Max profit roughly equals short-call strike minus cost basis plus net premium; max loss roughly equals cost basis minus long-put strike minus net premium. Breakeven shifts by the net premium. For the FHN collar priced from the end-of-day chain at a 30-day expiry (ATM IV 28.00%), the computed maximum profit is $148.50 per contract and the computed maximum loss is -$151.50 per contract. Live intraday quotes will differ as the chain moves through the trading session.
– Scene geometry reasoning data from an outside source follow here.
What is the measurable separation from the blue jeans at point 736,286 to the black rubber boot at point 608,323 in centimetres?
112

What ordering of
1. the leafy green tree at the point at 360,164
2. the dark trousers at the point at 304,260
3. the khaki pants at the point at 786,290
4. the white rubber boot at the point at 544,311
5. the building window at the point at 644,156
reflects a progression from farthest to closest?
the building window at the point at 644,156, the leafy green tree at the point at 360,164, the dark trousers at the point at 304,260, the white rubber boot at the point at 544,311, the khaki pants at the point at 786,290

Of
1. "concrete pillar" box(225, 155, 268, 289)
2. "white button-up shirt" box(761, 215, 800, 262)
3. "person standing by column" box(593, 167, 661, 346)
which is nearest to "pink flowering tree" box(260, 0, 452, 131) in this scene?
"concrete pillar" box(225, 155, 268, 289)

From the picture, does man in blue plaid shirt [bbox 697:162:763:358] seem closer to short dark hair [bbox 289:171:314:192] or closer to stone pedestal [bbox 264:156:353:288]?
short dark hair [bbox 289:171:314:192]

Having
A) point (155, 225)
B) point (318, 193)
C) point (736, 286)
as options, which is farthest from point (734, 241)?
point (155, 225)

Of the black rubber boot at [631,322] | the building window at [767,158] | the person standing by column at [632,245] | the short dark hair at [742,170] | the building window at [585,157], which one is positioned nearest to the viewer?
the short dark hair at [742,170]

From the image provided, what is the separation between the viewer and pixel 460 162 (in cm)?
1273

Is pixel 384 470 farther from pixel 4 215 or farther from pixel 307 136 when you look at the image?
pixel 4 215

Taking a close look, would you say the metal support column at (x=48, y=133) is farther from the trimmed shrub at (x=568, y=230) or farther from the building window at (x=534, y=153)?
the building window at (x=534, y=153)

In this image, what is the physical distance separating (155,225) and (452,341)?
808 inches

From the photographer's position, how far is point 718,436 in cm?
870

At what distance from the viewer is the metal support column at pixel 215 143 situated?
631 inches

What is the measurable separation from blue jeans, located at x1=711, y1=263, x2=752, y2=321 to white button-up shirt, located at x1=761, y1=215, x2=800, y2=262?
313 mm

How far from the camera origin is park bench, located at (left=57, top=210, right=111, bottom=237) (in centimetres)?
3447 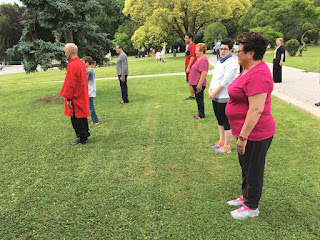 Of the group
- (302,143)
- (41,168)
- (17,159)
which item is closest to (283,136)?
(302,143)

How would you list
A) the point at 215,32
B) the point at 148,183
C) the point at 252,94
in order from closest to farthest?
the point at 252,94 < the point at 148,183 < the point at 215,32

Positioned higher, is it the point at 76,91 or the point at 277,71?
the point at 76,91

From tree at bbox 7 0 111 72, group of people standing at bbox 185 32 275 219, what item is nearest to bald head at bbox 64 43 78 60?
group of people standing at bbox 185 32 275 219

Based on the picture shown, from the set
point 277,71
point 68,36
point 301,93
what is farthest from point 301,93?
point 68,36

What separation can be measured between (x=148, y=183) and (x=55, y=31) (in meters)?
8.18

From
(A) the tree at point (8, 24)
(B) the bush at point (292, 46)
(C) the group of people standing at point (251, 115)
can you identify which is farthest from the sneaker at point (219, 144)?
(A) the tree at point (8, 24)

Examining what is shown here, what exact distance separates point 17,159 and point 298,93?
9.13 metres

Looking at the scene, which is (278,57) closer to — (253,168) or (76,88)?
(76,88)

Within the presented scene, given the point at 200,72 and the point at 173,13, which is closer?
the point at 200,72

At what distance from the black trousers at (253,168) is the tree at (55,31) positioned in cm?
835

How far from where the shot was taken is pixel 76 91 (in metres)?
5.18

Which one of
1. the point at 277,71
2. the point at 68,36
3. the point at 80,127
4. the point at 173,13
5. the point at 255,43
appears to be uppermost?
the point at 173,13

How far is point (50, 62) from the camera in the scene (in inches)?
373

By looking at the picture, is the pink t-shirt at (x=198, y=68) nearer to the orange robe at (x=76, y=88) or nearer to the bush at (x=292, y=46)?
the orange robe at (x=76, y=88) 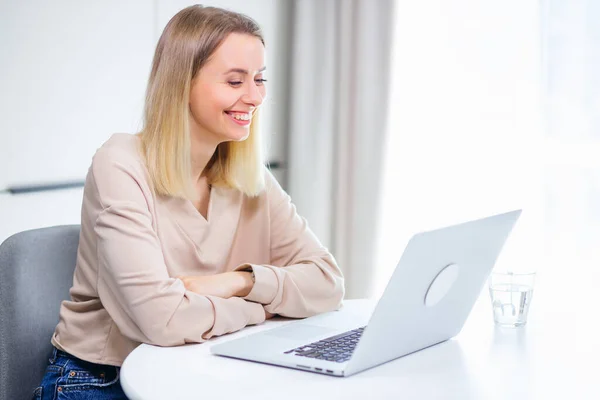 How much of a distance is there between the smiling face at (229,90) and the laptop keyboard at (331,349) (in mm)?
554

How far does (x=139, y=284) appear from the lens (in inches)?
56.5

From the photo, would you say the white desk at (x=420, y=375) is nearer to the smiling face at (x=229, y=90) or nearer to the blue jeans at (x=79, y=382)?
the blue jeans at (x=79, y=382)

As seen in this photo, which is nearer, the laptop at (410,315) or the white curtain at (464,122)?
the laptop at (410,315)

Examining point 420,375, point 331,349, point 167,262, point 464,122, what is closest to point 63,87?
point 167,262

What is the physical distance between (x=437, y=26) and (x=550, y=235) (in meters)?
0.85

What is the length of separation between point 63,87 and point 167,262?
1.08 m

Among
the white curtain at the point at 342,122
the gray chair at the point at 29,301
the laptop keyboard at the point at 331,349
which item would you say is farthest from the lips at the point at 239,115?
the white curtain at the point at 342,122

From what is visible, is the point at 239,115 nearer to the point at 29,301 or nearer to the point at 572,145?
the point at 29,301

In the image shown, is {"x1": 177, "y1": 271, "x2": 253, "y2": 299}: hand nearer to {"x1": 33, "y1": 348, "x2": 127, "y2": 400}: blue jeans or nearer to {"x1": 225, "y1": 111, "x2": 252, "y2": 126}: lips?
{"x1": 33, "y1": 348, "x2": 127, "y2": 400}: blue jeans

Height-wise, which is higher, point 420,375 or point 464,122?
point 464,122

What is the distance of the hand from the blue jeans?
221 millimetres

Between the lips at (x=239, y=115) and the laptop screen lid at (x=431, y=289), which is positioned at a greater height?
the lips at (x=239, y=115)

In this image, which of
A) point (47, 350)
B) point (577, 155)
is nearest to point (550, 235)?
point (577, 155)

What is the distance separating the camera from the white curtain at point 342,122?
10.3 feet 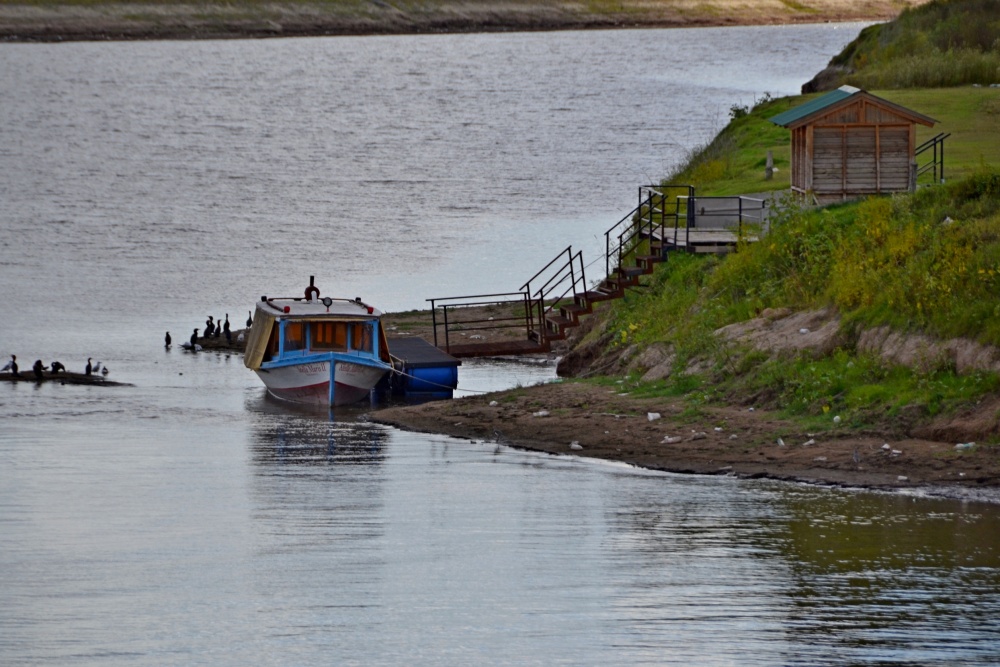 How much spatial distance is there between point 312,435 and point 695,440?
26.0 feet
What is the breakeven for a FHN collar?
The breakeven for the FHN collar priced on this page is roughly $23.52 at expiration, derived from end-of-day chain premiums. Breakeven is the underlying price at which the strategy's P&L crosses zero ignoring transaction costs and assignment risk. The current FHN market-implied 1-standard-deviation expected move is approximately 8.03%; if the move sits well outside the breakeven distance, the structure's risk-reward becomes correspondingly tighter.
When should you consider a collar on FHN?
Collars on FHN hedge an existing long FHN stock position; the long put sets a floor while the short call finances it, often run as a near-zero-cost hedge during expected volatility windows.
How does current FHN implied volatility affect this collar?
FHN ATM IV is at 28.00% with IV rank near 17.19%, which is on the low end of its 1-year range. Premium-buying structures (long call, long put, debit spreads) are relatively cheap in this regime; premium-selling structures collect less credit per unit risk.